『人を縛りつけているうちに、産業自体が傾いた』

『人を縛りつけているうちに、産業自体が傾いた』<2018年2月24日(土)>
 「公取委がようやく、人材の過剰な囲い込みなどを独禁法違反とする指針をまとめた」。『春秋』(180224)はかつての日本の映画会社の繁栄と没落を思う。「シネマ全盛期を支えたシステムだが、弊害も見逃すわけにいかない。各社がスターの引き抜きを防ぐ協定を結び、背いた俳優はどの会社でも使わないことにしていた。・・・芸能人やスポーツ選手だけでなく、フリーランスで働く人が増えてきたことに合わせた対応だ。新しい働き方を後押しするには労働法制の整備も大事だが、独禁法の守護があれば一段と心強い。フリーランスの多くが、かつての映画会社の俳優みたいな扱いを受けている現状があるのだ。ちなみに往時の協定は、ほどなく先導役の大映が倒産して自然消滅した。人を縛りつけているうちに、産業自体が傾いたのである」。
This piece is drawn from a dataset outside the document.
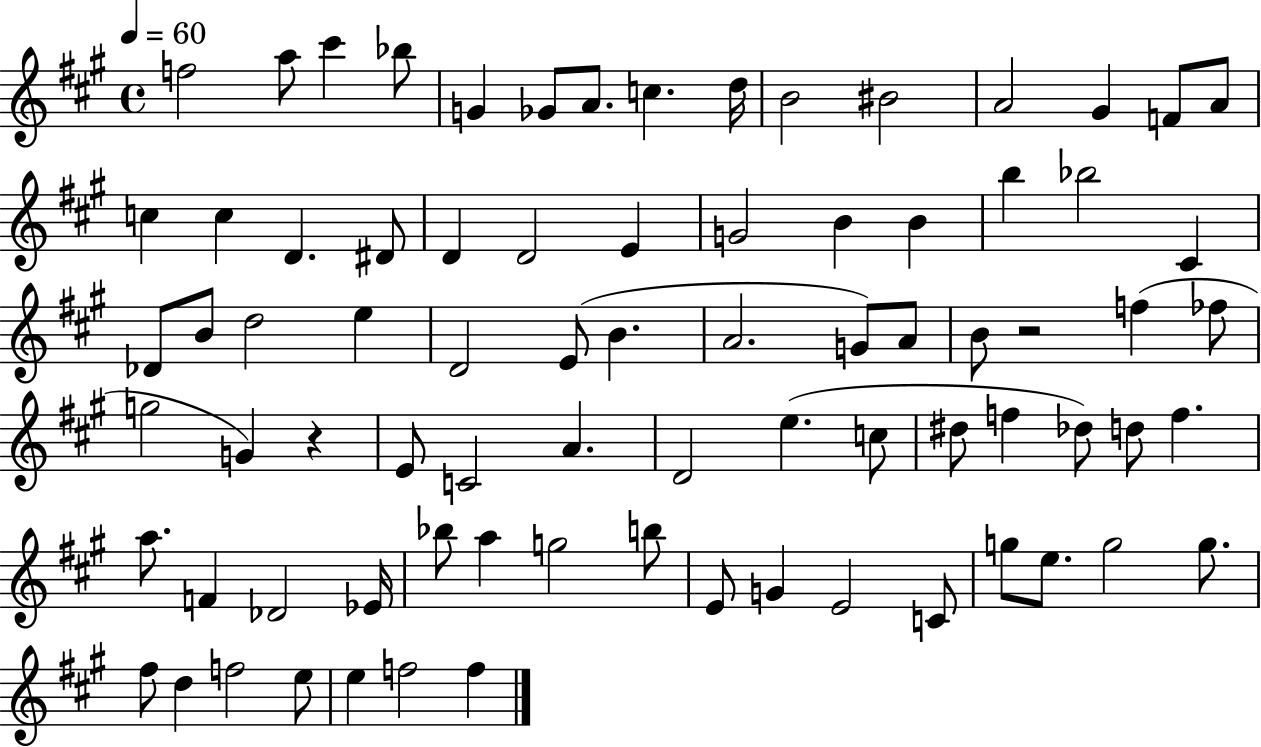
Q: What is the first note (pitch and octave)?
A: F5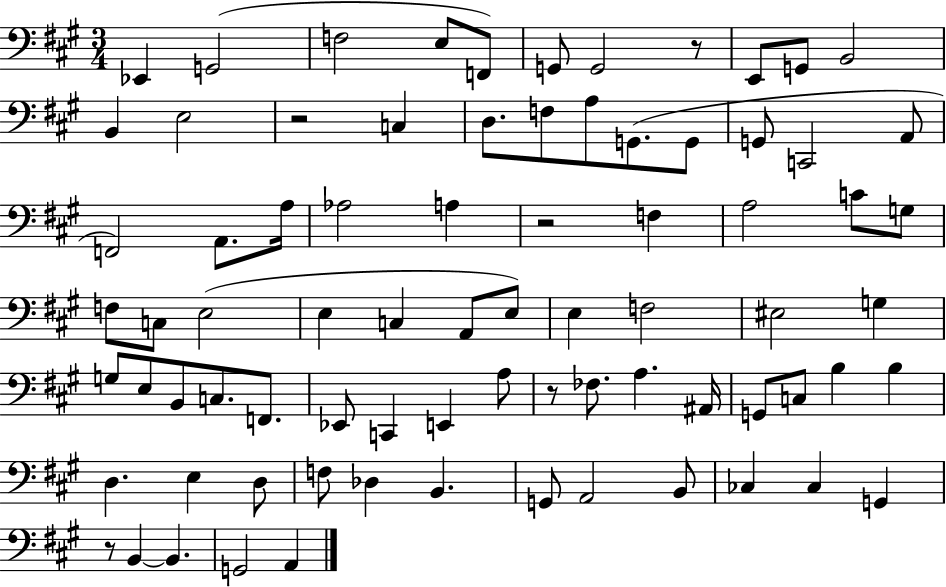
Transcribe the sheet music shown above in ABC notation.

 (JN) 私たちの様々な能力は、この肉体の中に備わっている。従って、労働力を売ることで生活費を得ており、心や体は売っていないが、実際は労働力を売ることで、心身が拘束されている。雇われている身は弱い。その職場での能力があろうと無かろうと、見えない何かに縛られている。能力のある売れっ子は、そんな束縛から脱して、独立したいであろう。そうでない者はその職場にしがみつく。社会にとってこの現象は有効であるのか。個々人にとっては幸福なのか。雇われる側は連帯をすべきであるが、できているであろうか。使用者側の方が賢く連帯を結んでいるのではないか。立法は、弱者の労働者たちを救うことを努力しているのか。圧倒的与党は立法の者ではなく、行政の僕になっていないか。世の中、血の巡りが悪くなってきているようである。これを革新でないものか。とりあえず、雇われの身の私は日曜日にゆっくりお休みしましょう。そして、数時間でもこのような世の中から脱するために映画でも観ますか。